Removing duplicate solutions


My code merges two lists of lists, item by item, in the following way:

mergeL([[a,b],[c,d]], [[1,2],[3,4]], Result). Result = [[a,b,1,2],[c,d,3,4]]

And this is the code i use:

mergeL([],[],[]).
mergeL(List, [], List).
mergeL([], List, List).
mergeL([X|Rest],[Y|Rest2], [XY|Res2]) :-
   mergeL(Rest, Rest2, Res2),
   append(X,Y,XY).

This seems to work but if i call it with two lists of the same size i get three repeated results. Example (both list contain only one element):

?- mergeL([[a,b]],[[1,2,3]],Q).
Q = [[a, b, 1, 2, 3]] ;
Q = [[a, b, 1, 2, 3]] ;
Q = [[a, b, 1, 2, 3]].

Is there a clean way to make this output only one solution?


Solution

  • There are 3 SO-answers already, but I cannot agree with a single one! They all are incorrect.

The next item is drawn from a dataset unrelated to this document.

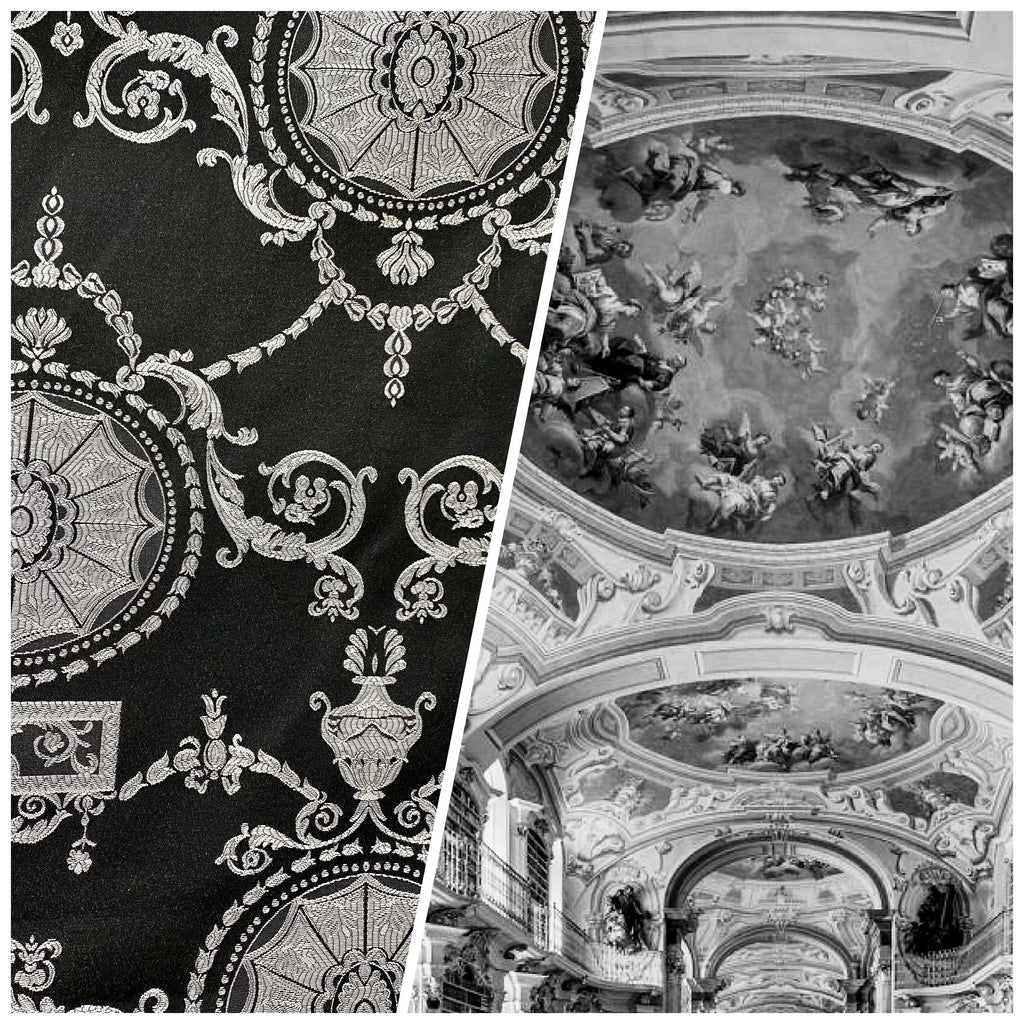NEW Lord Joffrey Designer Satin Damask Drapery Fabric - Black Silver - Fancy Styles Fabric Pierre Frey Lee Jofa Brunschwig & Fils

    How to eliminate redundant solutions

    Consider the three facts in your definition:

    mergeL([],[],[]).
    mergeL(List, [], List).
    mergeL([], List, List).
    

    They all succeed for mergeL([],[],[]) which is the source of your redundancies. The second and third fact are here for List being a non-empty list. So let us add this to the definition:

    mergeL([],[],[]).
    mergeL(List, [], List) :- List = [_|_].
    mergeL([], List, List) :- List = [_|_].
    

    This eliminates redundant solutions. There is no need for a cut to remove the redundant solutions. The cuts introduced in the other SO-answer, however, may hide solutions. For the query mergeL(Xs,YS,Zs) there is exactly one solution for the cut version, but there should be infinitely many.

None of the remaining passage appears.